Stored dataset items
———

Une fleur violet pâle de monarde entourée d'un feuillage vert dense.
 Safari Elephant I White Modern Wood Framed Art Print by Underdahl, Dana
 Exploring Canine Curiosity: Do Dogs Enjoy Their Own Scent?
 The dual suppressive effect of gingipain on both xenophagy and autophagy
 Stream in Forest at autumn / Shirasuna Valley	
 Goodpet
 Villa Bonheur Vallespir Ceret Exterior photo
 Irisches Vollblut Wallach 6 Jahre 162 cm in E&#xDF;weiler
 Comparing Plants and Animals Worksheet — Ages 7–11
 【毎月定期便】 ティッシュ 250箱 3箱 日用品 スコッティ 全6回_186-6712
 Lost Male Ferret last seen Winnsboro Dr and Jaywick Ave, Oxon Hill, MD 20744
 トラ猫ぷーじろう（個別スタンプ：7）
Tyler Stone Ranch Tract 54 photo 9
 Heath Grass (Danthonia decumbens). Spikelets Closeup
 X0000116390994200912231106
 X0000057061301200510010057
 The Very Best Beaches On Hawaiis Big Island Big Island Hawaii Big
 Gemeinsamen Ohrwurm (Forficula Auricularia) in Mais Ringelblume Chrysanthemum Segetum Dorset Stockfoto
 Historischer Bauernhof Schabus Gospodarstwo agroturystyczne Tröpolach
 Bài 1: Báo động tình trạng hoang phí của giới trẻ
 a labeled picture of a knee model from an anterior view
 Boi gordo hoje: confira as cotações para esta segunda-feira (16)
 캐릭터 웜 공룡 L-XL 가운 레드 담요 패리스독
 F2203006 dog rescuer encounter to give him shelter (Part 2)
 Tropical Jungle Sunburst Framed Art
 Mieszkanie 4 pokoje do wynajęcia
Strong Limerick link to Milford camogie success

———

-- WORK TASK --
The lines from the top of the data above down to the line containing "Tyler Stone Ranch Tract 54 photo 9" are to be copied exactly; no other line should appear.

-- EXERCISE OUTPUT --
Une fleur violet pâle de monarde entourée d'un feuillage vert dense.
 Safari Elephant I White Modern Wood Framed Art Print by Underdahl, Dana
 Exploring Canine Curiosity: Do Dogs Enjoy Their Own Scent?
 The dual suppressive effect of gingipain on both xenophagy and autophagy
 Stream in Forest at autumn / Shirasuna Valley	
 Goodpet
 Villa Bonheur Vallespir Ceret Exterior photo
 Irisches Vollblut Wallach 6 Jahre 162 cm in E&#xDF;weiler
 Comparing Plants and Animals Worksheet — Ages 7–11
 【毎月定期便】 ティッシュ 250箱 3箱 日用品 スコッティ 全6回_186-6712
 Lost Male Ferret last seen Winnsboro Dr and Jaywick Ave, Oxon Hill, MD 20744
 トラ猫ぷーじろう（個別スタンプ：7）
Tyler Stone Ranch Tract 54 photo 9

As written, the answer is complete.